Comment 2 Zhivko 2015-04-07 13:32:56 UTC
+1 for that - is there any setting in 4.4 to control RSID behaviour somehow? This is really anoying.
ODT should be kept as simple as possible...
Can yomebody look at this?
Comment 3 tommy27 2016-04-16 07:25:18 UTC Comment hidden (obsolete)
Comment 4 Jim Avera 2016-05-31 19:21:34 UTC
Problem is still there in  5.2.0.0.alpha0+

Now, however, Tools->Options-Writer->Comparison no longer even has an option to enable RSIDs, and they seem to be permanently enabled. 

This problem really striked at the heart of the philosophy of why ODF was created -- to make a format which was simple and to facilitate different tools interoperating.  As it is, the pervasive injection of RSID-related styles make interoperation with other software very difficult (e.g. the ODF::lpOD library is almost useless because of this).
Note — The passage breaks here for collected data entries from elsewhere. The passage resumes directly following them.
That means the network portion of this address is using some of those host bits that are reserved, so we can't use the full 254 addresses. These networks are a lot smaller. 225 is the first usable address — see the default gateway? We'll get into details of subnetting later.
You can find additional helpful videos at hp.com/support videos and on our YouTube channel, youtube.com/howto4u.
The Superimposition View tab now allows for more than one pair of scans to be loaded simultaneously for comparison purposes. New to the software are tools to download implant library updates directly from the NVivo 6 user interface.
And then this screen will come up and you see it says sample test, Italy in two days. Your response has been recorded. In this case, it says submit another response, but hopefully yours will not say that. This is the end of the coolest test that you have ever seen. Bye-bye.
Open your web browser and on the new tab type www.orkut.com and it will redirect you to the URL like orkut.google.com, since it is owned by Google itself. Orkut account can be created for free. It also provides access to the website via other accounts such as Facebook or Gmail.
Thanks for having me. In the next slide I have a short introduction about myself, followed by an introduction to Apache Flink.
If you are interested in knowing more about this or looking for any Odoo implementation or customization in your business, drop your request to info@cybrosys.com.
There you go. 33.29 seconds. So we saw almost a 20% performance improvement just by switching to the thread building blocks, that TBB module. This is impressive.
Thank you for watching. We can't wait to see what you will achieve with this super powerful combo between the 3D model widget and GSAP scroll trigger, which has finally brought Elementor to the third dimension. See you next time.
To make things more clear, here is an example of

STEPS TO REPRODUCE:

1.  Open the attached "rsidtest.odt"
2.  Replace the capitalized word "THIS" in the first sentence with a lower-cased version (or may any other "spelling corrections" you like).
3.  Save and exit LO
4.  mkdir tempdir
    cd tempdir
    unzip -q ../rsidtest.odt
    xml_pp -i -s nsgmls *.xml  # makes them easier to read
    
5. Examine "content.xml" with vim or similar
   Search for "Replace this word" (the corrected sentence in the document)

RESULTS: The search will not succeed because of the injection of RSID-related styles for each of the fragments around the edit.
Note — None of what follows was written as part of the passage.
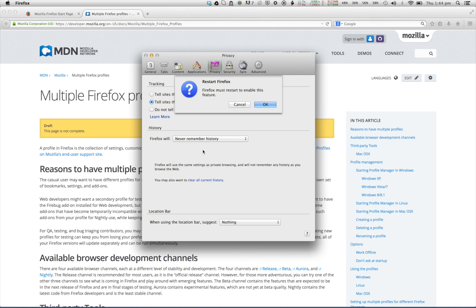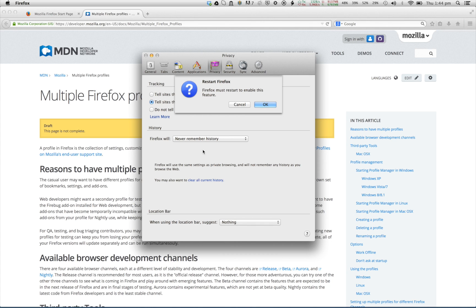The history referred to here includes browsing and download history, search and form history, as well as cookies. We want the clean research browser to forget all of these.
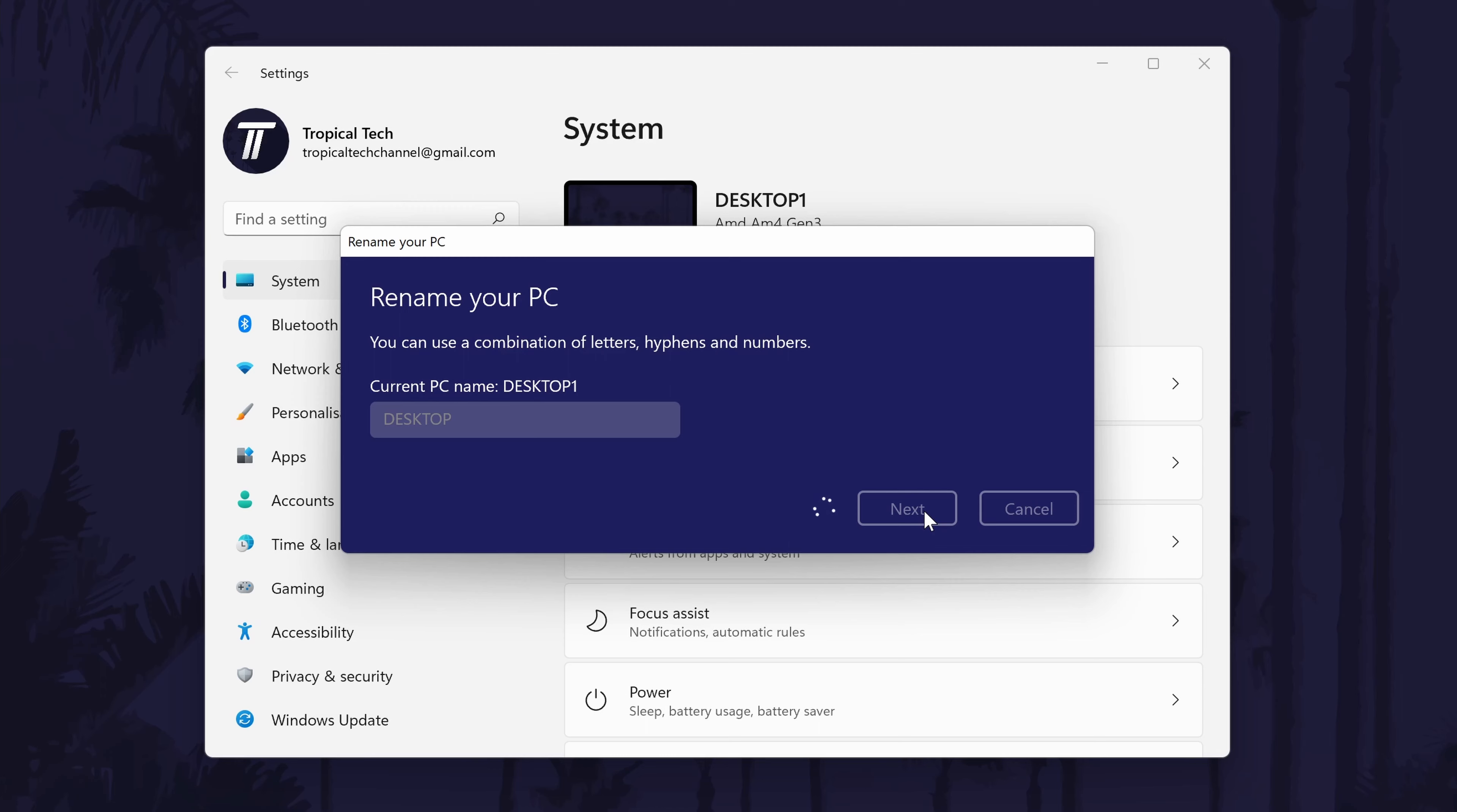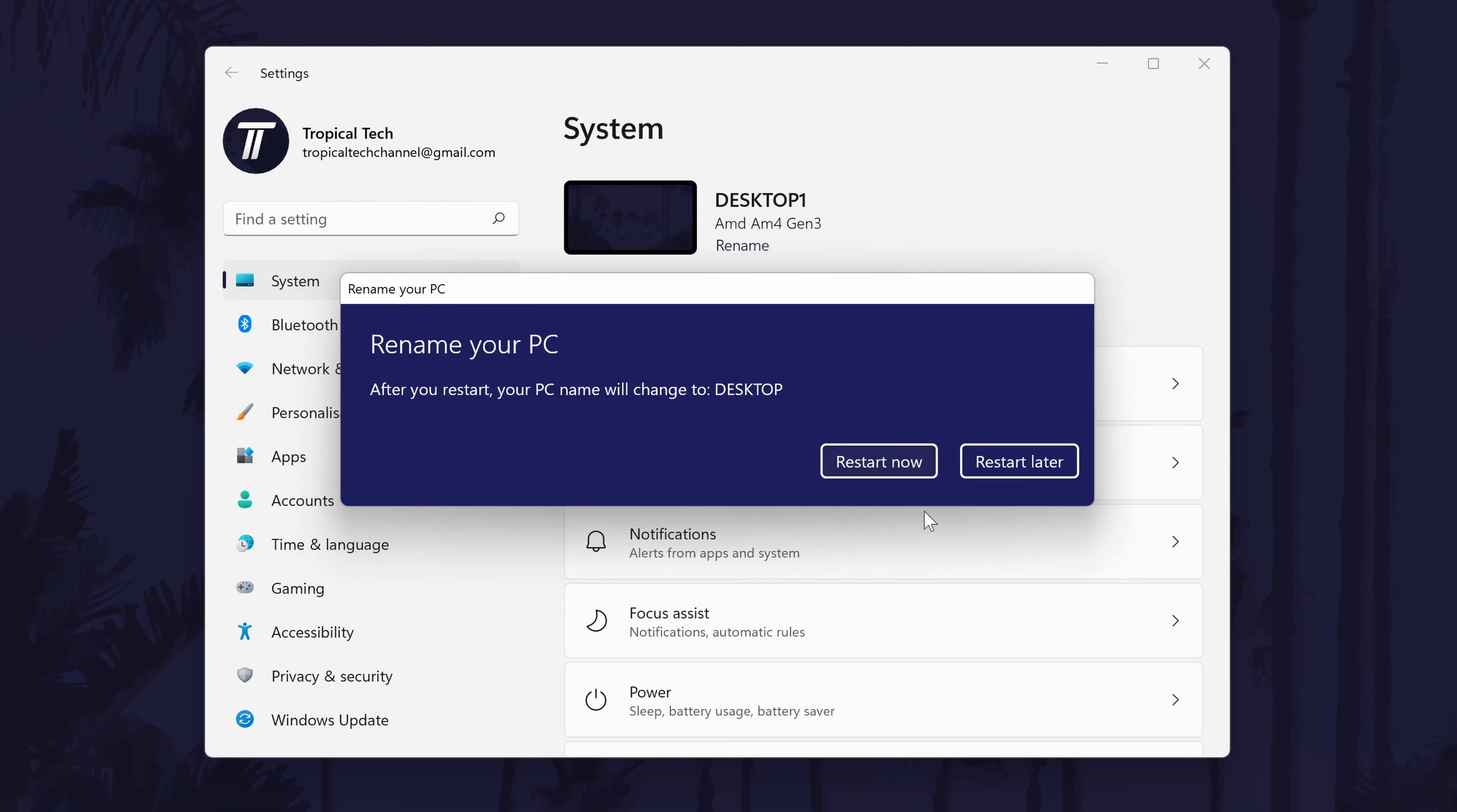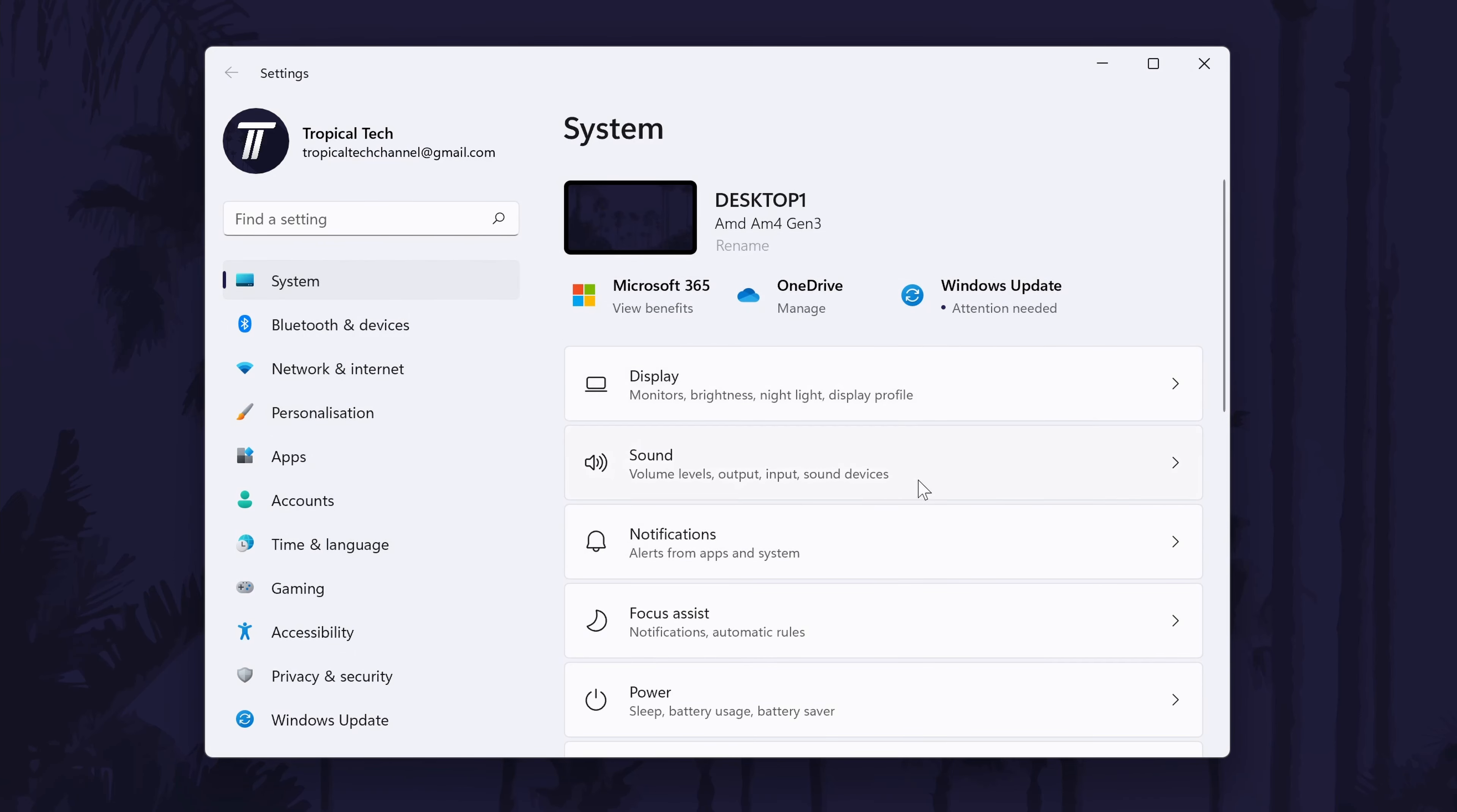It will take a second or two to load and then you will need to restart your PC now or later for the change to take place. Choose the option you want but remember to save any work before restarting.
EXPECTED RESULTS: Unless RSIDs are enabled, the "Replace this word ..." sentence should be in a single ODF object.   In general, ODF objects should not be fragmented unless there is a visible or functional reason to do so.
Comment 5 Jim Avera 2016-05-31 19:23:04 UTC
Created attachment 125423 [details]
Instructions in comment #4
Comment 6 Regina Henschel 2017-05-26 11:50:07 UTC
*** Bug 99015 has been marked as a duplicate of this bug. ***
Comment 7 Regina Henschel 2017-05-26 11:55:34 UTC
With current version of 5.2 you can disable writing RSIDs in Tools > Options and that works. But writing random numbers is on as default.
Comment 8 Thomas Lendo 2017-05-31 20:22:00 UTC
Jim, I tested the steps in your comment 4. Before that I deactivated Tools > Options > LibreOffice Writer > Comparison > Store it when changing the document.

There is no RSID span in the file after the test change.

Version: 5.5.0.0.alpha0+
Build ID: b08217989558addbcaded122a4e7211ae24bbcff
CPU threads: 4; OS: Linux 4.8; UI render: default; VCL: gtk2; 
TinderBox: Linux-rpm_deb-x86_64@70-TDF, Branch:master, Time: 2017-05-31_06:36:03
Locale: de-DE (de_DE.UTF-8); Calc: group

It also works in 5.1.6.2.

I close this bug as WORKSFORME.
If that isn't correct, please reopen the bug as UNFONFIRMED.
If you want that option per default deactivated in LibO, please open a new bug for that.